1. [January 18] Describe an algorithm to construct the convex hull of two convex polygons in O(n) time, where n is the total number of vertices in the input.

2. [January 20] A simple polygon is a circular sequence of line segments joined end-to-end with no other intersections.
1. The "three-penny algorithm" from Graham's scan computes the convex hull of some simple polygons, but not all. Describe a simple polygon P for which the three-penny algorithm fails to produce the convex hull.
2. Describe an algorithm to construct the convex hull of any simple n-vertex polygon in O(n) time. This is harder than it looks!

A simple polygon (green) and two nonsimple polygons (red)
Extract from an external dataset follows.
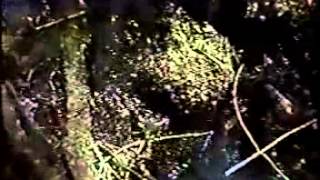 Rain Tree Crow "Blackwater"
3. [January 25] Describe an O(log n)-time algorithm to find the two tangent lines of a convex n-gon that pass through a point outside the polygon. Assume the polygon vertices are stored in an array in counterclockwise order.
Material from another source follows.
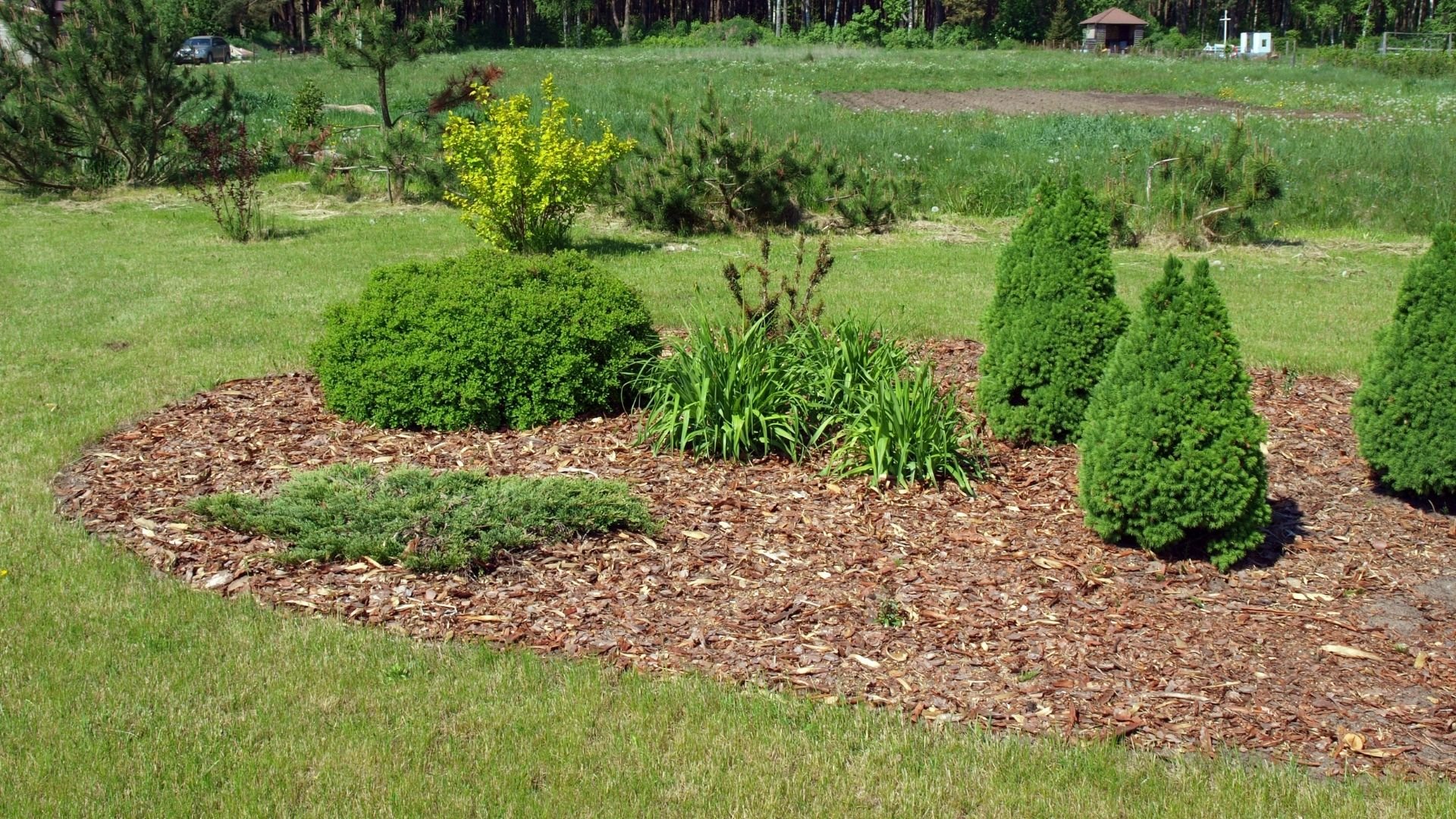 Manicured lawn care with mulched garden bed and green shrubs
4. [January 27] Describe an algorithm that determines in linear time, given a Voronoi diagram with n regions, the set of n points that define it. [Hint: Try n = 4.] You should be able to describe your algorithm purely purely geometrically, without using any of the ugly algebra that would show up in an actual implementation. What does your algorithm do if we give it a planar map that is not a Voronoi diagram?

5. [February 1] Describe an infinite sequence S of planar sites p1, p2, p3, ..., such that for all n, the Voronoi region Vor(pn, Sn) has n-1 edges. This is a worst-case input for any incremental Voronoi diagram algorithm. Here, Sn denotes the first n sites in the sequence S, and Vor(p,A) is the Voronoi region of a site p with respect to a set of sites A.

6. [February 1] Show that in Fortune's sweep-line algorithm for constructing planar Voronoi diagrams, the "beach line" consists of at most 2n-1 parabolic segments. [Hint: Two horizontal parabolas intersect in at most two points.]

## Open Problems

1. [January 20] Describe an algorithm that finds, given a set of n points in the plane, the median vertex of its upper convex hull, in O(n) time. A randomized algorithm that usually finds an approximate median is fine. Such an algorithm would lead to a variant of quickhull that runs in O(n log h) time without prune and search.